Wednesday, February 16, 2005

Conjunctive Disjunction or Disjunctive Conjunction

It looks paradoxical either way. We, Indians have a very unique way of obeying people (atleast, we do obey) i.e. whatever we are called for, we just go and do exactly the opposite. I recall a very famous saying that goes like:

My idea of success is to listen to the best of the advices
available and then go and do just the opposite!

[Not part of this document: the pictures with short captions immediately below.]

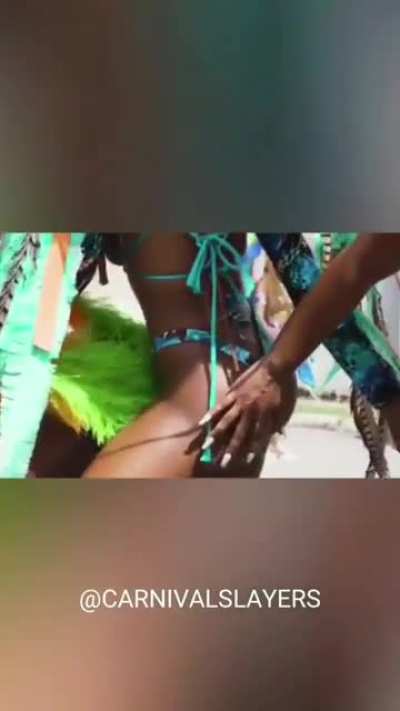 Yanique Curvy Diva looking like a goddess at carnival 😍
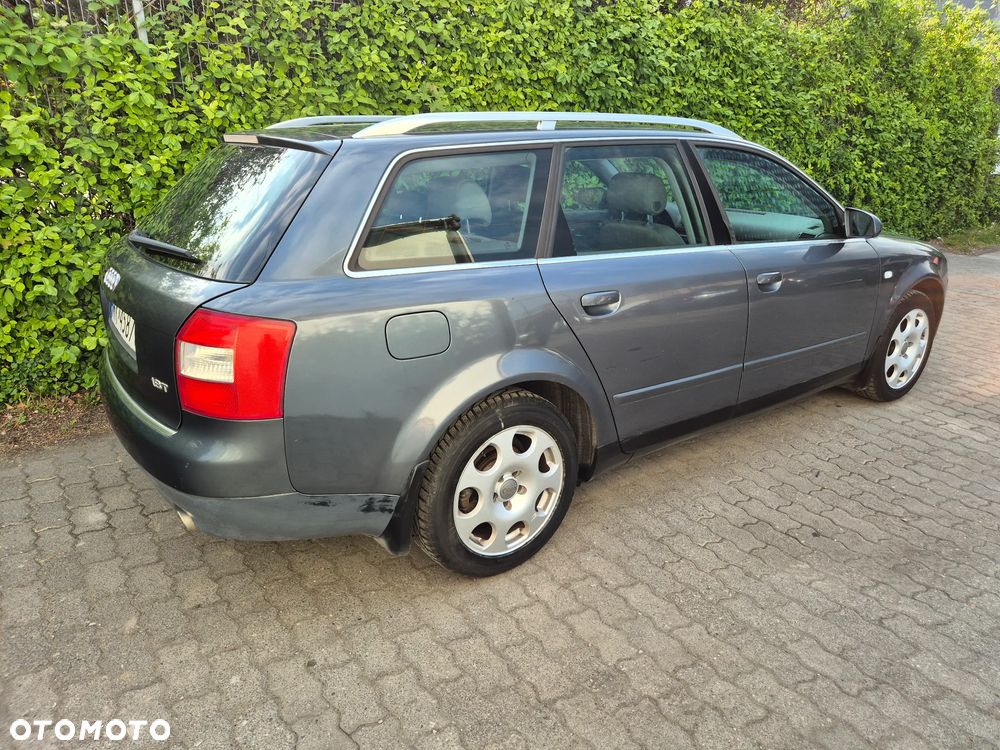 Audi A2 1.6 - 18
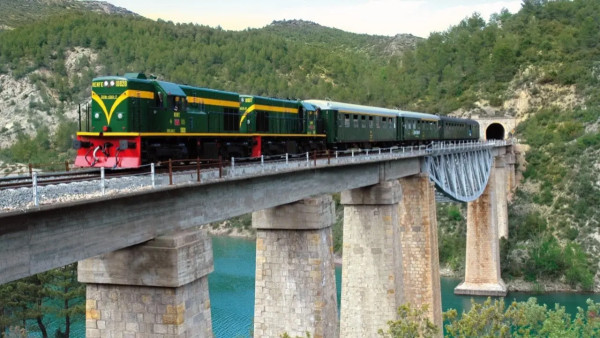 Ranking de los trenes hist&oacute;ricos m&aacute;s bonitos de Espa&ntilde;a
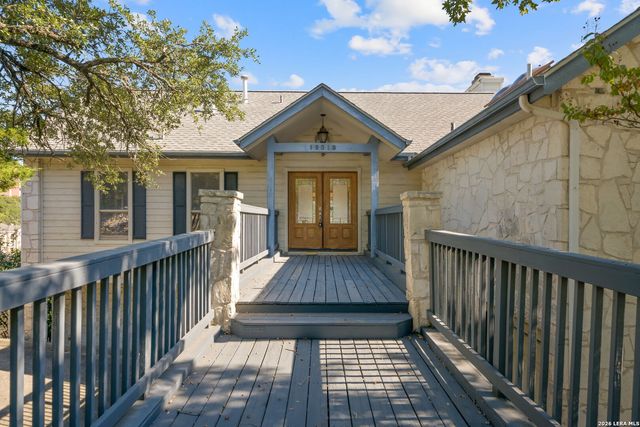 19318 Strauss, San Antonio, TX 78256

Recently, I was visiting a friend near my house in Delhi when I came across this: "Dekho!! Gadha peshaab kar raha hai" (read: Look, This ass is peeing over here!) written on a house-wall. I was wondering of why people write such things on walls. Maybe, because the place where this was written is quite secluded and thus, a good place for people to pee since, there were no closets around. But, what caught my attention was not the fact that such a remark was scribbled on the wall, but the fact that why the heck did the writer wrote that the person who is peeing is an ass and in order to insult him, added for the on-lookers to tease him. Couldn't he have written "Micturating here is prohibited!". But then, we Indians never follow instructions ('there wouldn't be so much of road accidents and traffic-jams in Delhi had people followed one').

I though maybe I could improve upon this. Instead of using a conjunction for the person peeing at the wall i.e. dekho! yeh gadha hai AND yahaan peshaab kar raha hai (read"This is an ass AND is micturating here"), it should have been "dekho ! ya to yeh gadha hai ya yeh yahaan peshaab kar raha hai" (read: Either this guy is an ass or he is peeing here), it would have been mathematically correct, as you call the convict either an ass or a liliputian piddler if he is disobeying either. But, in the 'original manuscript', the person may not be an ass or may not be weeing there.

I hope this is not an act of McCarthyism!